_Supplied data:_
· · ·

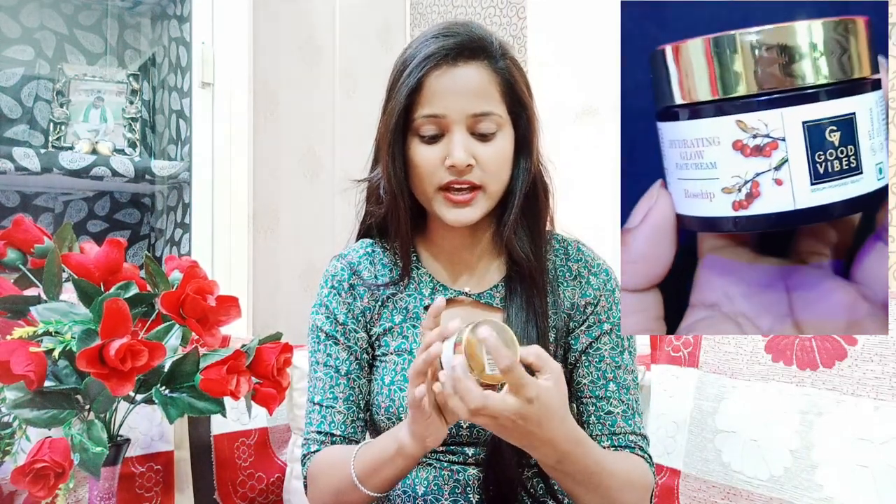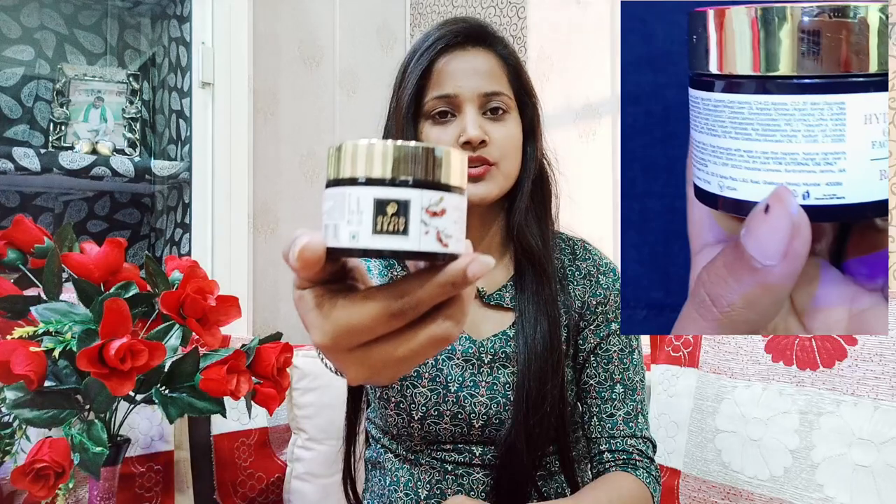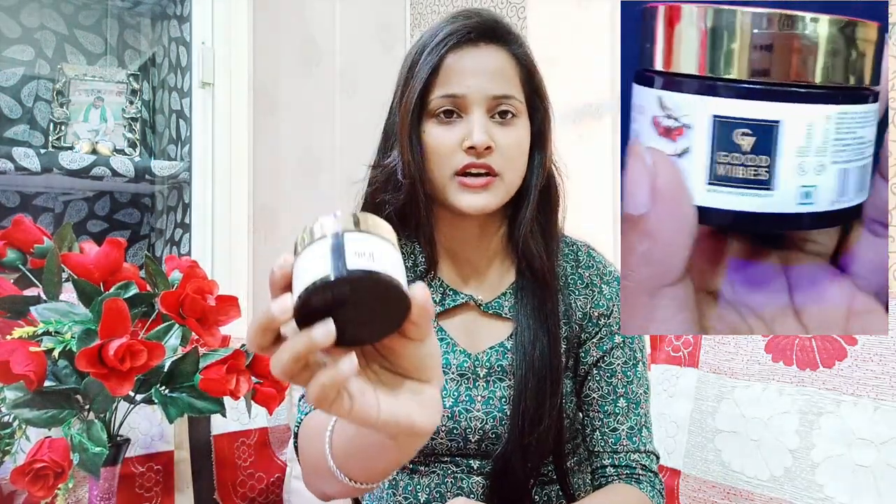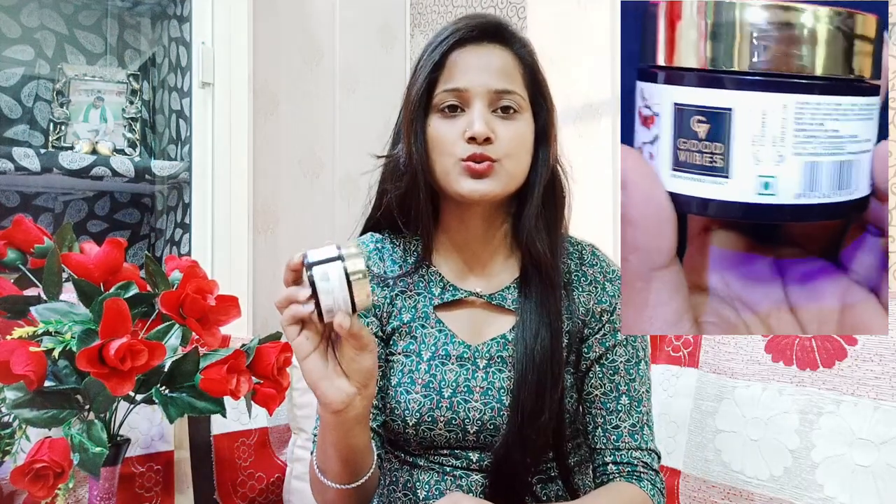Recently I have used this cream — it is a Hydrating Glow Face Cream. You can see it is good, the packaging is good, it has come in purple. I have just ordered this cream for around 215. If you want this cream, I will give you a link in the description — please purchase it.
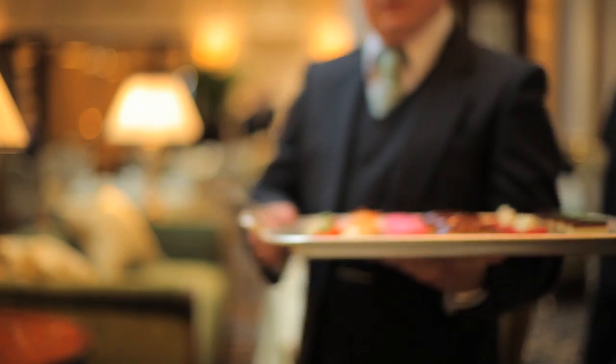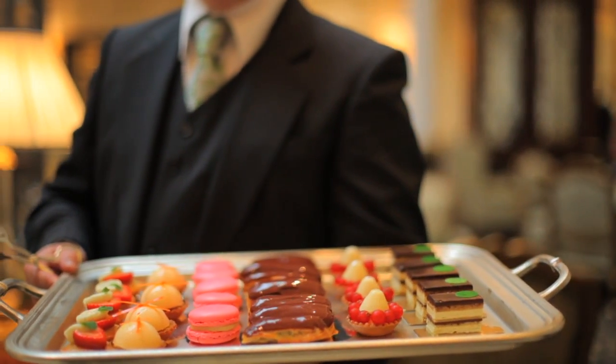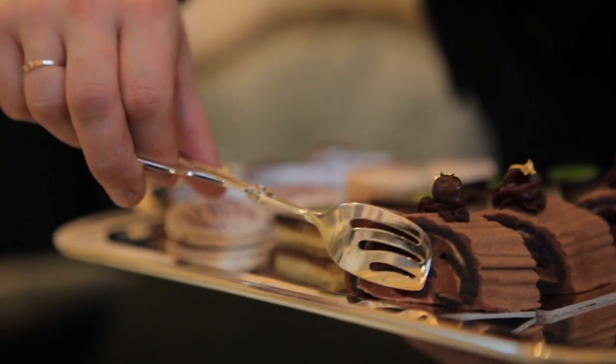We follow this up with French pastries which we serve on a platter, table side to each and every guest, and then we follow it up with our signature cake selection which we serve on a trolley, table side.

· · ·

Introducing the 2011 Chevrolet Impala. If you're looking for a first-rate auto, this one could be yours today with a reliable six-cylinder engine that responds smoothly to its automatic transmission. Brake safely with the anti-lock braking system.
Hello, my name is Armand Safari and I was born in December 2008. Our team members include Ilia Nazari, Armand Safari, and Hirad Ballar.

· · ·

_Work to be completed:_ Set down, unchanged, only those lines above that fall between the line with "Introducing the 2011" and the line with "Hello, my name", the two end lines included.

_Exercise output:_
Introducing the 2011 Chevrolet Impala. If you're looking for a first-rate auto, this one could be yours today with a reliable six-cylinder engine that responds smoothly to its automatic transmission. Brake safely with the anti-lock braking system.
Hello, my name is Armand Safari and I was born in December 2008. Our team members include Ilia Nazari, Armand Safari, and Hirad Ballar.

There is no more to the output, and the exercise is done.